It is an object of the present invention to provide a strong,
lightweight fan blade with airfoil characteristics which provide an
optimal compromise for effectively circulating air when the blades
are rotating in either a clockwise or a counterclockwise
direction.
It is a further object of the present invention to provide a fan
blade assembly that has an illumination source housed within the
fan blades wherein the illumination source rotates with the fan
blades.
It is a further object of the present invention to provide a fan
blade that can be used effectively with a direct drive motor at
velocities from about 50 to 100 RPM's while moving sufficient air
to ensure comfort for surrounding occupants.
It is a further object of the present invention to provide a fan
blade assembly with oversized fan blades having a diameter of
approximately seven feet.
It is a further object of the present invention to provide a fan
blade assembly with oversized, lightweight blades that can be
fitted on a conventional ceiling fan and used in combination with
the existing fan blades on the ceiling fan to circulate air.
It is a further object of the present invention to provide a fan
blade assembly having a diameter larger than a conventional fan
blade diameter of five feet.
It is a further object of the present invention to provide a fan
blade that is contoured to create a larger downward thrust of air
than the upward pull of air.
It is a further object of the present invention to provide a fan
blade assembly for a ceiling fan that provides effective air
circulation and illumination, simultaneously.
The fan blades of the present invention have a strength to weight
ratio that is substantially greater than those conventional fan
blades which are generally solid, planar forms. Therefore, the fan
blades of the present invention can be oversized and installed on
an existing ceiling fan in lieu of the smaller sized, conventional
fan blades. When rotated at lower RPM's these larger fan blades
circulate at least the same amount of air as smaller conventional
fan blades operating at substantially higher RPM's. The lower
rotational speed creates less noise and the slower movement of air
is more comfortable to the occupants of the room.
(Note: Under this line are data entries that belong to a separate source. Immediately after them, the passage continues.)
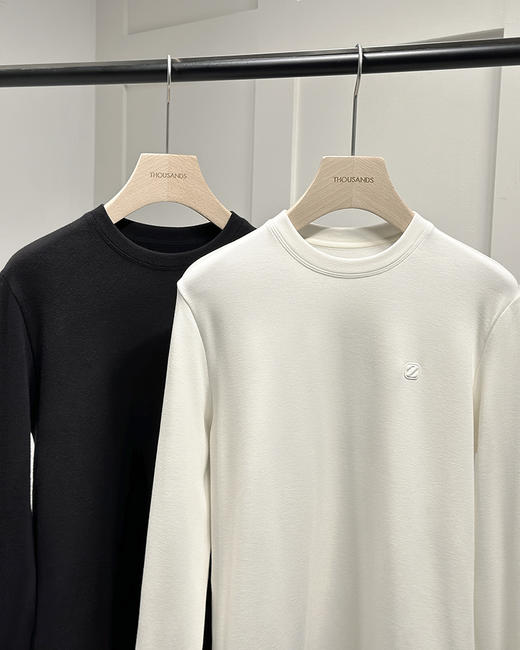 【大促，不退不换】 Z家  糯软冬温 黑科技柔厚双层复绒 长袖圆领打底衫 T恤 AH2302 商品图1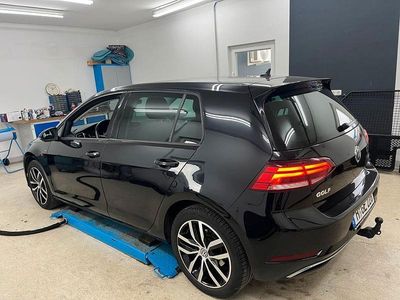 Schwarz Gebraucht 2018 VW Golf VII Join Limousine | 16.790 € (Guter Preis)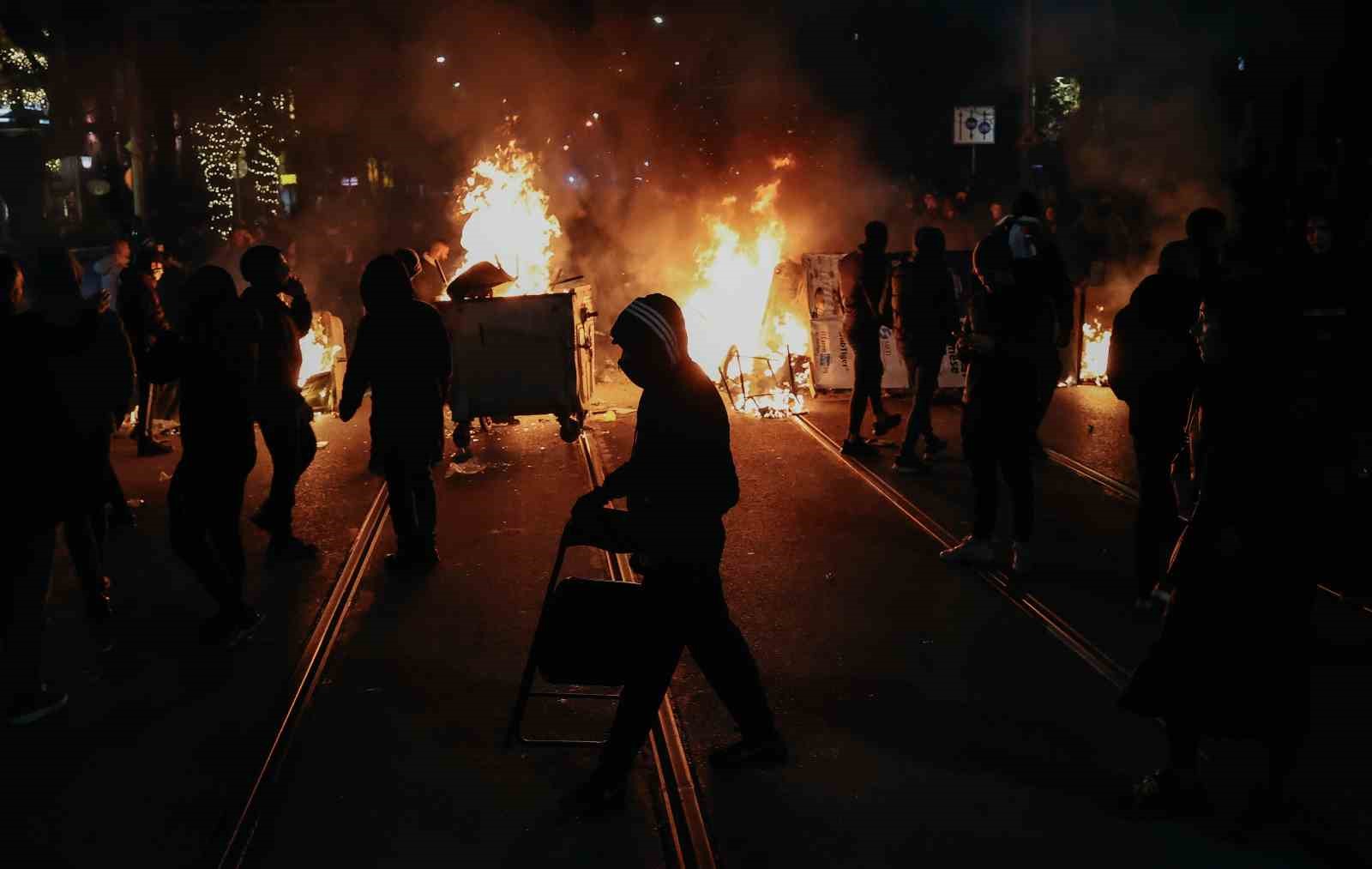 bulgaristanda hukumet karsiti protestolarda catisma 2 yarali 10 gozalti 0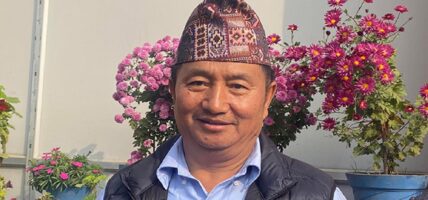 मुख्यमन्त्री लामालाई बागमतीको संसदीय दलले बुझायो ध्यानाकर्षणपत्र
In addition, the
inherent lightness and strength of the fan blades, enable the
blades to be contoured and thereby improve the blade's airfoil
characteristics. The fan blade assembly of the present invention
provides an optimal compromise for air flow in both downward and
upward directions, where it is desirable that the assembly create a
larger thrust of downward air flow than upward air flow.
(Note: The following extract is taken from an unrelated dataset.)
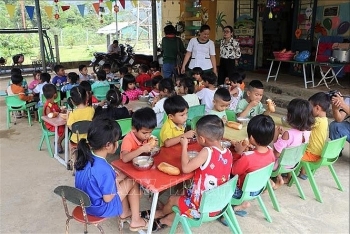 Children of Vietnam ໜູນຊ່ວຍເຂົ້າປຽກເຂົ້າທີ່ມີປະໂຫຍດທາງໂພຊະນາການໃຫ້ນັກຮຽນອະນຸບານແຂວງກວາງນາມ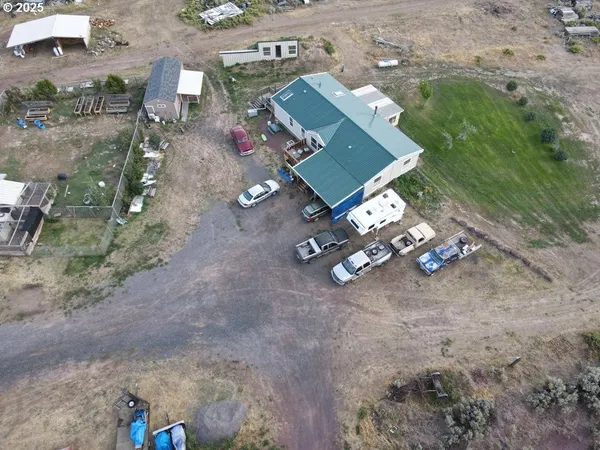 $700,000 | 29388 Wrecking Yard Lane, Hines, OR 97738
BRIEF DESCRIPTION OF THE DRAWINGS
FIG. 1 is a bottom perspective view of the fan blade assembly of
the present invention shown in combination with a direct drive unit
of a ceiling fan.
FIG. 2 is a top perspective view of a first embodiment of the fan
blade of the present invention for use in the fan blade assembly of
FIG. 1.
FIG. 3 is a cross sectional view of the fan blade of the first
embodiment taken at line 3--3 in FIG. 2.
FIG. 4 is a top perspective view of a second embodiment of the fan
blade of the present invention for use in the fan blade assembly of
FIG. 1.
FIG. 5 is a cross sectional view of the fan blade of the second
embodiment taken at line 5--5 in FIG. 4.
FIG. 6 is a top perspective view of a third embodiment of the fan
blade of the present invention for use in the fan blade assembly
shown in FIG. 1.
FIG. 7 is a cross sectional view of the third embodiment of the fan
blade taken at line 7--7 in FIG. 6.
FIG. 8 is partial cross sectional schematic view taken through the
blade hub assembly showing the fan blade assembly with the lighting
assembly installed thereon.
FIG. 9 is a partial cross sectional schematic view of an alternate
embodiment of the fan assembly unit used in combination with a
conventional ceiling fan.
DETAILED DESCRIPTION
The diameter of the fan blades and fan blade assembly refers to the
diameter of the circle defined by the outermost points of the fan
blades when the assembly is rotating.
Referring to FIG. 1, the fan blade assembly (20) of the present
invention is shown with a ceiling fan motorized drive unit
(10).
The fan blade assembly (20) includes a plurality of fan blades (30)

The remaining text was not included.